Destino Puerto Williams, Reencuentro

 

Estrecho de Magallanes, lejos del panteonero, la calma del viento sur, es casi cero,

los motores dan avante, empujando la pesada embarcación,

la rosa de los vientos fija en una dirección, Williams, Puerto Williams, destino final.

 

Cuando cae la noche. Zarpar.

 

El frio cala los huesos, como en otros tiempos, de hijos pequeños, de futuro de sueños.

 

Hoy cuando llega la mañana, después de un navegar parejo, me saludan los cerros, la nieve,

el puerto, aún lejos.

 

Llamada de invierno de este puerto viejo, los canales incólumes al paso del tiempo,

los recuerdos afloran a ras de suelo.

 

El sonar guitarrero de montañas de nieve, un amigo cantando, una ronda se mueve.

 

Alegría juvenil de momentos idos, los años que se fueron en motores de olvido,

 

Agua, cerros, viento blanco, lucha de nieve,  tu voz cristalina, sigue en mis oídos por siempre.

 

Otro buque, otra estela, pero el mar es el mismo, en esta danza nueva.

 

Las algas, los delfines, se verán por la borda, mi mente  nuevamente, cantará a tu memoria.

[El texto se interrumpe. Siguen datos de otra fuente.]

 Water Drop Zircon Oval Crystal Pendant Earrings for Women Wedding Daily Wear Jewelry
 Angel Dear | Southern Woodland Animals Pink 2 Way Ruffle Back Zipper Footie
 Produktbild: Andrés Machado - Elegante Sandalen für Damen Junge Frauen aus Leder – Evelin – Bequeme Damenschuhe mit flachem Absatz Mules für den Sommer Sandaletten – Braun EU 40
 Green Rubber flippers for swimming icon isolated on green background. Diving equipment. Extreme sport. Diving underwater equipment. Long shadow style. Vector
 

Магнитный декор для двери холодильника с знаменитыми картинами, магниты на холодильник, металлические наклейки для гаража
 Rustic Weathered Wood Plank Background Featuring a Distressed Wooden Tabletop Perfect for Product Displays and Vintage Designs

Como cambian, las cosas sencillas de la vida.

 

Los recuerdos se clavan, con cadenas de acero.

 

Escribo estas letras, con emoción arraigada, el andar veloz del buque, va cortando las aguas.

Creo que los días idos, no han pasado en vano, con los ojos húmedos, por recuerdos de antaño.

 

Algarabía de noche, frío de día, manos congeladas, mente  dormida.

 

Felicidad rescatada con pétalos blancos, no olvido los nombres, de aquellos que quedaron,

entre libros perennes, otra historia guardada, del saber infinito, que nunca se acaba.

 

El andar de la nave, con sus hélices doradas, me vuelve a este tiempo, de escarchas nevadas.

 

Raúl Estrada Albornoz, titulado en  Universidad Católica de Chile, Tecnólogo en Recursos de Mar, con Diplomado en Educación Superior y Tecnológica en Universidad Marítima de Viña del Mar. Autor de Poemas de Amor y Mar. Es parte del equipo Sabersinfin, Chile.